Top of Data
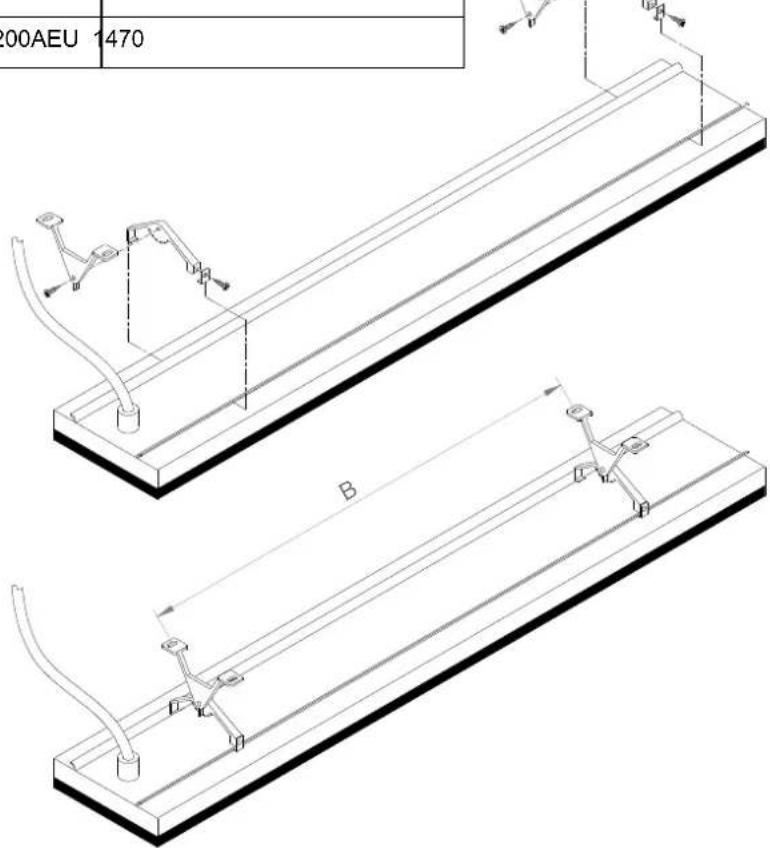 GRANDHALL Heatstrip - Standard mounting brackets - 2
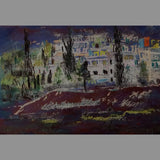 Athens Greece by Night by Muriel Pemberton Original Art from Barewall Art Gallery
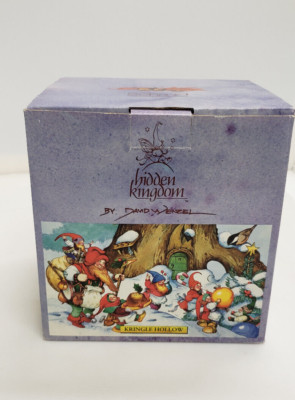 Schmid Hidden Kingdom by David Wenzel Kringle Hollow Tree Root Hideout New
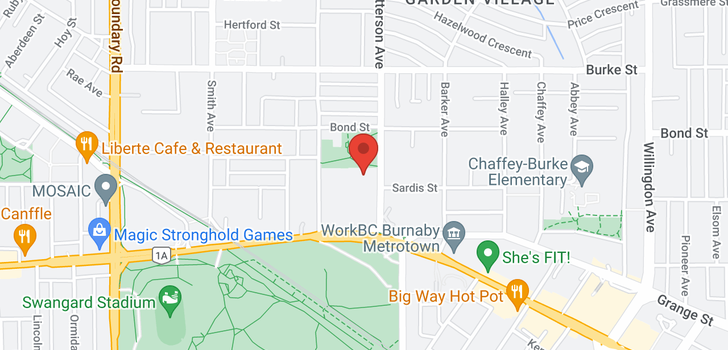 map of 13 5575 PATTERSON AVENUE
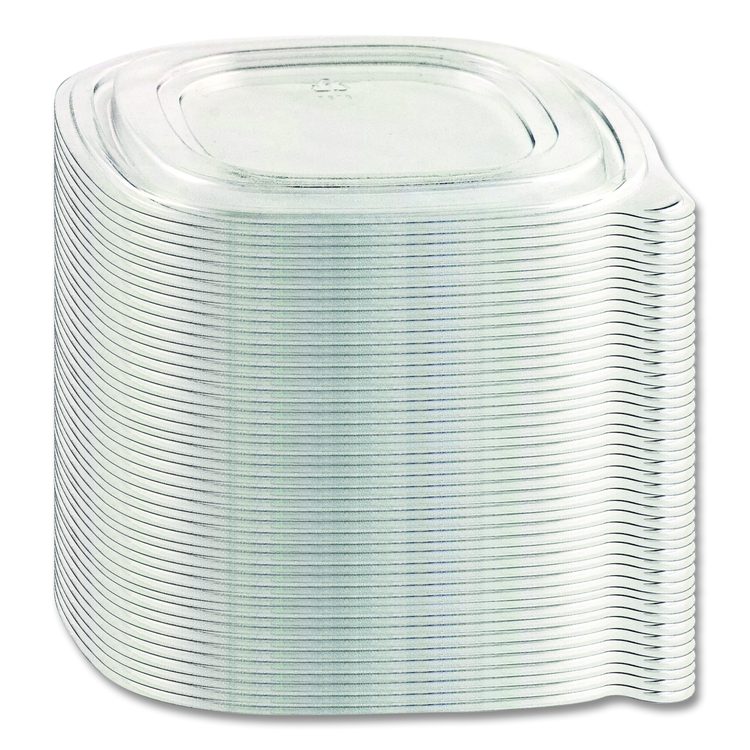 Crystal Classics Lids, 8.13 x 8.13 x 0.34, Clear, Plastic, 150/Carton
Bottom of Data
> **Your assignment**: Transcribe the data completely. No pictures should appear in the transcription.

> **Expected output**:
 GRANDHALL Heatstrip - Standard mounting brackets - 2
 Athens Greece by Night by Muriel Pemberton Original Art from Barewall Art Gallery
 Schmid Hidden Kingdom by David Wenzel Kringle Hollow Tree Root Hideout New
 map of 13 5575 PATTERSON AVENUE
 Crystal Classics Lids, 8.13 x 8.13 x 0.34, Clear, Plastic, 150/Carton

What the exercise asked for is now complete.